* **EXERCISE BRIEF**
Reproduce precisely the lines of the material below from the line containing "Slice of tangy" up to and including its last line. Pictures must not be copied.

* **SUPPLIED INFORMATION**

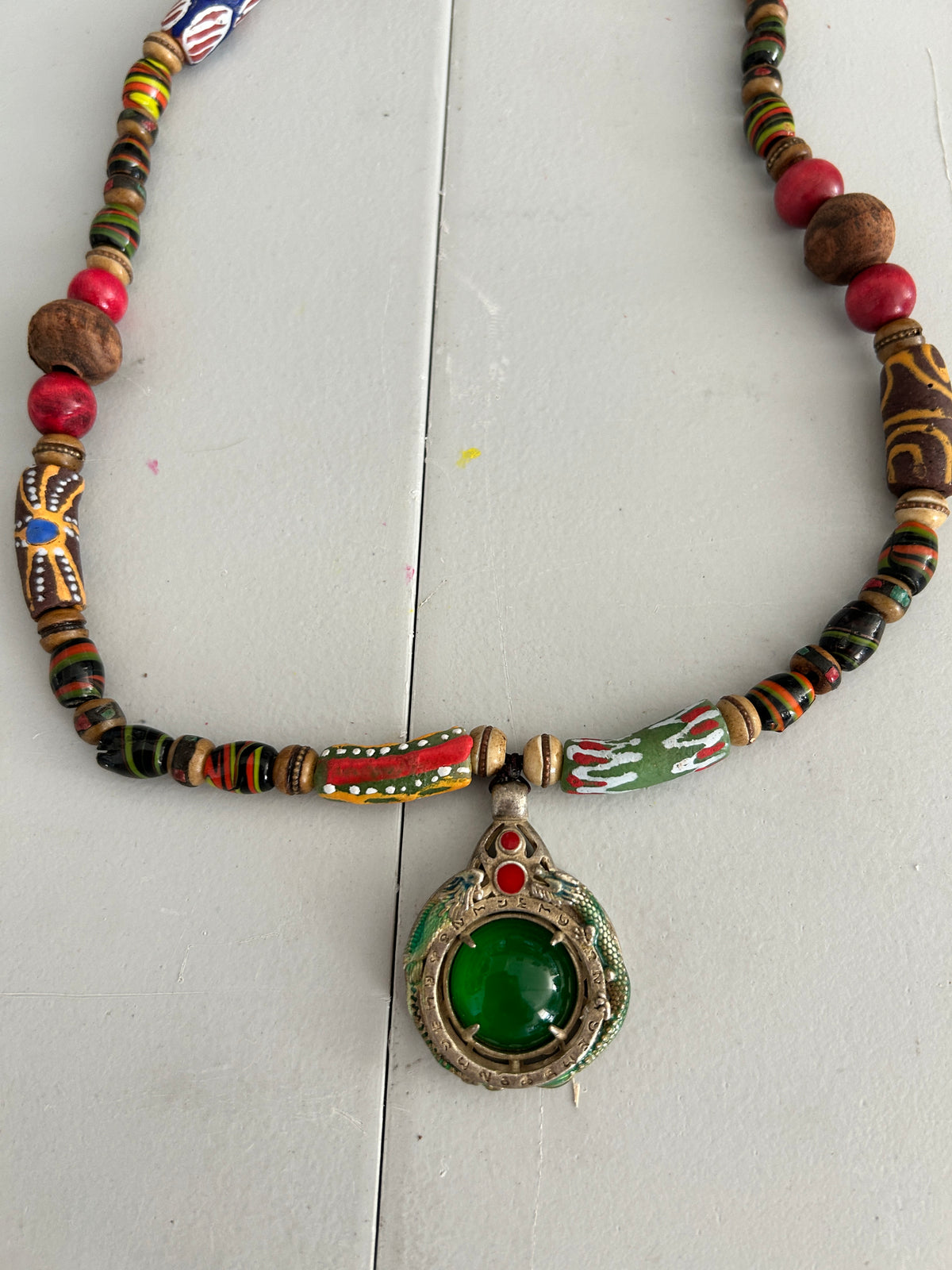 African trade bead necklace with Tibetan silver dragon pendant set with emerald green jade cabochon on white background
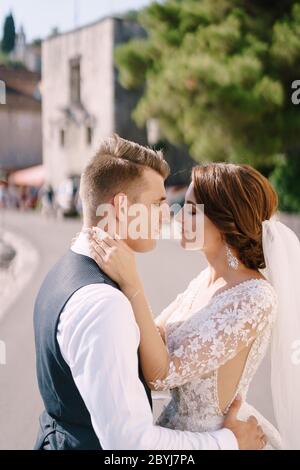 Portrait d'un couple de mariage dans la rue, la mariée épouse embrasse le marié par le cou, le marié la câle autour de la taille. Photo de mariage d'art dans Banque D'Images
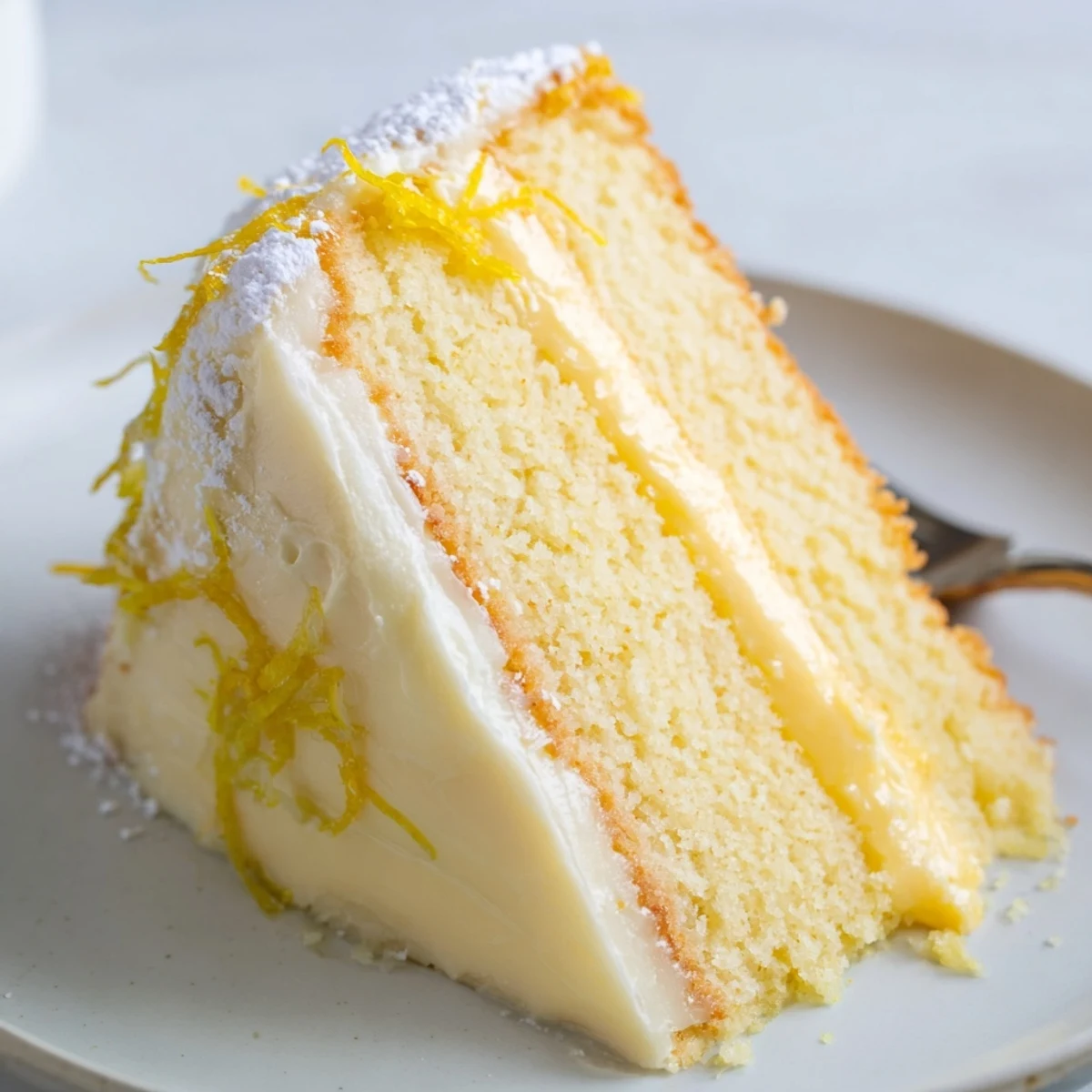 Slice of tangy Italian lemon cream cake showing tender sponge and bright lemon cream center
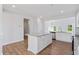 Modern kitchen featuring a center island, white cabinets, and stainless steel appliances at 604 Spellbrook Rd, Zebulon, NC 27597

* **RESPONSE FOR THIS EXERCISE**
 Slice of tangy Italian lemon cream cake showing tender sponge and bright lemon cream center
 Modern kitchen featuring a center island, white cabinets, and stainless steel appliances at 604 Spellbrook Rd, Zebulon, NC 27597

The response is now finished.